Котско пишет, что криповость манифестирует себя в «смещённых» (displaced) вещах и людях — инвазивных, эксцессивных и одновременно ускользающих. Ему кажется, что криповость так тяжело принять, потому что она напоминает нам о наших собственных репрессированных желаниях и организации нашей либидинальной экономики, заставляя нас смириться с тем, что мы все по-своему крипы. У культуры есть запрос на нормальных, продуктивных членов общества, но проблема в том, что никто не нормален, потому что нормы не существует; Котско пишет, что нам придётся принять «неотъемлемую криповость сексуальности» с её способностью к нарушению всех разумных границ. Но его книга — это, конечно, не манифест в защиту криповых белых мужчин, в его понимании феномен гораздо шире; он сам описывает эту специфическую криповость белого мужского субъекта в глухой ярости от осознания своего культурного поражения. Котско опирается на теорию Лакана, который описывал истерию как форму беспрестанного вопрошания к миру; Котско пишет, что истерия за пределами её негативных коннотаций может служить механизмом социальной критики — «способ выкриповывания наружу (creeping out) социального порядка», который может привести к расширению жизненного пространства для женщин и не-белых субъектов, а также принять универсальность так называемых «перверсивных желаний». Так криповость из пугающей превращается в субверсивную. И один из ярких примеров криповости в этом смысле — конечно, кибернетические близости «человека» и «машины».

В российском трэш-фильме на бурятском языке «Ятинсотэстс» (2004), ставшем источником мемного воображения для многих молодых людей в нулевые, есть такая сцена: милиционер (предельно криповый) идёт по просёлочной дороге, останавливается перед гигантской лужей и вынимает маленькую фотографию неизвестной женщины; в кадре только его рука с этой фотографией, происходит движение, и он обильно кончает на ладонь, заливая фотокарточку малафьёй.

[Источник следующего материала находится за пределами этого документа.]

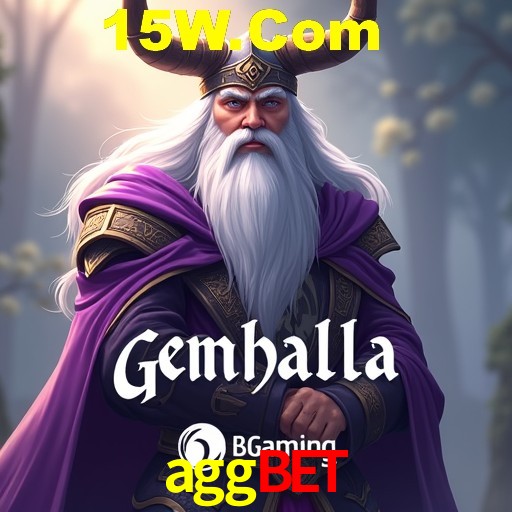 Game Providers aggbet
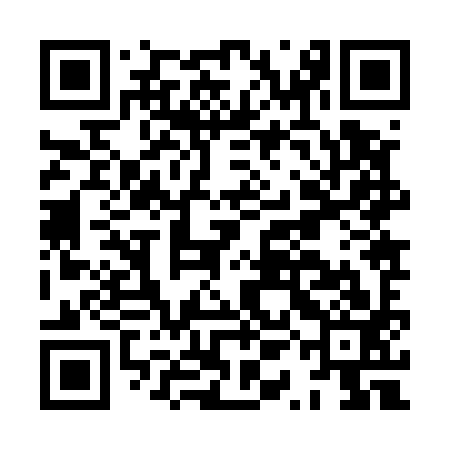 QR code for HQJ593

Я вспомнил эту сцену, пока читал текст Томаша Сикора The Queer Love Life of Photo(n)s[262] из сборника про материальность любви. В этом тексте Сикора анализирует фотографию как медиум любви и фото как аффективные объекты сами по себе — чувствительные, восприимчивые, определяющие любовные ритуалы и превращённые в объекты любви, связанные с телами, отпечаток которых они несут. Он начинает с цитирования Карен Барад, которая, анализируя модель квантовой физики Нильса Бора, пишет, что «есть что-то неотъемлемо квирное в природе материи». Эта квирность в том, что элементарные единицы (атомы, фотоны, электроны) не имеют онтологической идентичности — они могут быть частицами или волнами; их идентичность не предзадана, а перформативна. Барад описывает «вселенную радикальной онтологической неопределённости», полиморфную и полиаморную, которая всё время экспериментирует сама с собой и с условиями своего существования. На квантовом уровне граница между присутствием и отсутствием едва ли отслеживаема.

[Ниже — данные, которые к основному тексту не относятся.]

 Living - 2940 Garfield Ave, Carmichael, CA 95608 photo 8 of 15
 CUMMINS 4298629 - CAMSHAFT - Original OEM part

Барад описывает это автоэкспериментирование материи через метафору «ласкания себя» (self-touching); «например, электрон выделяет виртуальный фотон и затем снова поглощает его. <…> но и сам этот виртуальный фотон может наслаждаться другими интра-акциями с собой: например, метаморфозой или переходом, — меняя саму свою идентичность». Сикора пишет, что, как и фотоны, фотографии могут быть трогательными, могут быть объектами касания или ретуши (touching, touched and retouched); принято считать, что фотография это визуальный медиум, но большая часть её смысла — в прикосновении; до тех пор, пока фото могло существовать только в печатном формате, фотографии носили с собой, их касались — нежно, с ностальгией, страстно, — это была важная часть интимности, которая никуда не делась с появлением цифровых фотографий — и цифрового порно. Сикора приводит в пример Ролана Барта, заворожённого тактильностью фотографий в Camera Lucida: «от реального тела, которое было здесь, исходит радиация, которая касается меня сейчас». Это описание «страсти на расстоянии» и даже между разными темпоральностями находит параллели в феномене квантовой запутанности — когда связанные частицы, будучи на расстоянии друг от друга (теоретически — в миллионы световых лет), разделяют одно и то же квантовое состояние, делят одну и ту же жизнь. В 2014 году группа венских учёных «сфотографировала кота Шрёдингера»; в оммаже известному мысленному эксперименту, правда, кот был представлен в виде силуэта на картонной карточке; но его удалось сфотографировать (впервые в истории), даже не фиксируя свет, которым он освещался: было произведено два потока запутанных фотонов, один из потоков не касался изображения вообще и был записан, а тот, который касался изображения, не записывался, но передал визуальную информацию своему сиблингу. «Фотография», — заключает Сикора, — «демонстрирует, что физическое существование гораздо больше, чем бытие-вместе; более фундаментально — это касание-вместе». А квантовая квир-теория в пересказе Барад и других показывает, что для того, чтобы касаться, не обязательно делить пространство и время.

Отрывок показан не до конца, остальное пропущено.